● **TASK REQUIREMENTS**
In the records below, count the lines that have "aufgenommen" and answer with the number alone.
======== EXCERPTED RECORDS
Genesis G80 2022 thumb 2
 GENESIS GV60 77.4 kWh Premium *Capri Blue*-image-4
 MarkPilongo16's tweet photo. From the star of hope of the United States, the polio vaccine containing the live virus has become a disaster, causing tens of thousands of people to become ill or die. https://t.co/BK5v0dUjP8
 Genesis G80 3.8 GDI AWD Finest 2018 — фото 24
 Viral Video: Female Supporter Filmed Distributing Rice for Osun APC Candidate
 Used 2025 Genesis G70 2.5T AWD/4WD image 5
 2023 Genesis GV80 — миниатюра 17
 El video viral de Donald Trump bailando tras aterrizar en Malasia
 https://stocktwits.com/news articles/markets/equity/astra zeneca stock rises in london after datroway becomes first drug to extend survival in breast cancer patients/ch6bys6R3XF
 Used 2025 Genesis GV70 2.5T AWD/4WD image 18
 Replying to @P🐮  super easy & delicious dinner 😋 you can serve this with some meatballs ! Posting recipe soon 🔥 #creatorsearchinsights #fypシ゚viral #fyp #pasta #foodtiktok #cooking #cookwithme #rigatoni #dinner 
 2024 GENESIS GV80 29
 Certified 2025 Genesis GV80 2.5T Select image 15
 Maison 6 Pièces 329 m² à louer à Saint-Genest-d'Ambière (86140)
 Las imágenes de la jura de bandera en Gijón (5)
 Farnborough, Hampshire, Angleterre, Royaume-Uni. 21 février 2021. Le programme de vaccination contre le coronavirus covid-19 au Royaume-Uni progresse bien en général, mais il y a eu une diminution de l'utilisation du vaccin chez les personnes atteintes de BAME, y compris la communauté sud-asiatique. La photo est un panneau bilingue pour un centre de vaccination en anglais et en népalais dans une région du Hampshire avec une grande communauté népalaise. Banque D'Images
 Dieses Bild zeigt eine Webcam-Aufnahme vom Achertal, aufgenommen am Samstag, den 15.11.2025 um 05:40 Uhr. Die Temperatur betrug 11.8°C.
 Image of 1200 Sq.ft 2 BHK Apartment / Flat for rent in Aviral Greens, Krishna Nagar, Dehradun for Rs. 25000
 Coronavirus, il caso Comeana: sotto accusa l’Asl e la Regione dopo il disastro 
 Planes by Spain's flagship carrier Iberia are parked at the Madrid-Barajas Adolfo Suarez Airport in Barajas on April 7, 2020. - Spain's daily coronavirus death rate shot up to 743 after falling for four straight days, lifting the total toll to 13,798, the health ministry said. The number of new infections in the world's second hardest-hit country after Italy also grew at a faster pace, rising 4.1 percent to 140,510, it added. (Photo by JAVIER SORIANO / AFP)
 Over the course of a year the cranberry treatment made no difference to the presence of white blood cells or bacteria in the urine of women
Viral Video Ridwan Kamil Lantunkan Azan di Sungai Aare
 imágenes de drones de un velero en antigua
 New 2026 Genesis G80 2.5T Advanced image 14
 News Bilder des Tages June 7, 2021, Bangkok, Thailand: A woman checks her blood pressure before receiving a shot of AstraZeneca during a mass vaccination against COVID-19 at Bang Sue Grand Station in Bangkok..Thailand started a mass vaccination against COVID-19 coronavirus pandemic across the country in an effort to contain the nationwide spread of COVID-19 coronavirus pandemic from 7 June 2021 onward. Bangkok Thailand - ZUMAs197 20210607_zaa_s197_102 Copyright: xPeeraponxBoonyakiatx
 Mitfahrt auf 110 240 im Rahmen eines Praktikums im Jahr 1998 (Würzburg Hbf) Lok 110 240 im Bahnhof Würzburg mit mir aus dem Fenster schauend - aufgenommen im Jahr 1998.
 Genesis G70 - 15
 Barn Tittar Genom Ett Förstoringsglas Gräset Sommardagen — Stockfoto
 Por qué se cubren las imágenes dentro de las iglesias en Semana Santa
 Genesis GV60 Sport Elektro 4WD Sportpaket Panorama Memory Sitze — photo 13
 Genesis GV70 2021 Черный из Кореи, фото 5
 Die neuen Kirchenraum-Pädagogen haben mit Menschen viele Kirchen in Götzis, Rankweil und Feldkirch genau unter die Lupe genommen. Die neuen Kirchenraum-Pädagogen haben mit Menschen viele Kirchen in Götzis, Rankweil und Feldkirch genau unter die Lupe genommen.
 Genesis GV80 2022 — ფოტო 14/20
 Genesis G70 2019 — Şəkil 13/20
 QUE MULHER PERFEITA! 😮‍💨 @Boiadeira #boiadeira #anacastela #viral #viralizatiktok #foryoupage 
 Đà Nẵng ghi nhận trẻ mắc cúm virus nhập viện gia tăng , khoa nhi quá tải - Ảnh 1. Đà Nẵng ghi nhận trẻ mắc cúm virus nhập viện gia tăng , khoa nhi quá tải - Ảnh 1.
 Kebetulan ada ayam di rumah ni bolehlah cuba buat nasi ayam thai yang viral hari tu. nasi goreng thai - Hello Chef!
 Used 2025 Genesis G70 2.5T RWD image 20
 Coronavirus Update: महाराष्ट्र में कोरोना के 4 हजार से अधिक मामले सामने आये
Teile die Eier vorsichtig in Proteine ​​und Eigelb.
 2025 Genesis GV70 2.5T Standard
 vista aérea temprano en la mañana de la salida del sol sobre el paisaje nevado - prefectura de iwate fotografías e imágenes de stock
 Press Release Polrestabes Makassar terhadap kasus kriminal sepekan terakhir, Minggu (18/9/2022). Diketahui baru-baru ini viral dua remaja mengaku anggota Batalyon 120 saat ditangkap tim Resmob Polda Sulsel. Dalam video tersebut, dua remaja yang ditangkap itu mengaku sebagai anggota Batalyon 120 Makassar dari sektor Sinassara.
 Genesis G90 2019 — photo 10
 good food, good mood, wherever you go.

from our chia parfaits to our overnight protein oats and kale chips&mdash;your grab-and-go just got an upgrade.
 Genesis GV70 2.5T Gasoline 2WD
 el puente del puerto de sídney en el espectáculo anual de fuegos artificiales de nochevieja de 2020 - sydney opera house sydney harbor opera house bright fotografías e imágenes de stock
================
● **ANSWER TO THIS PROBLEM**
2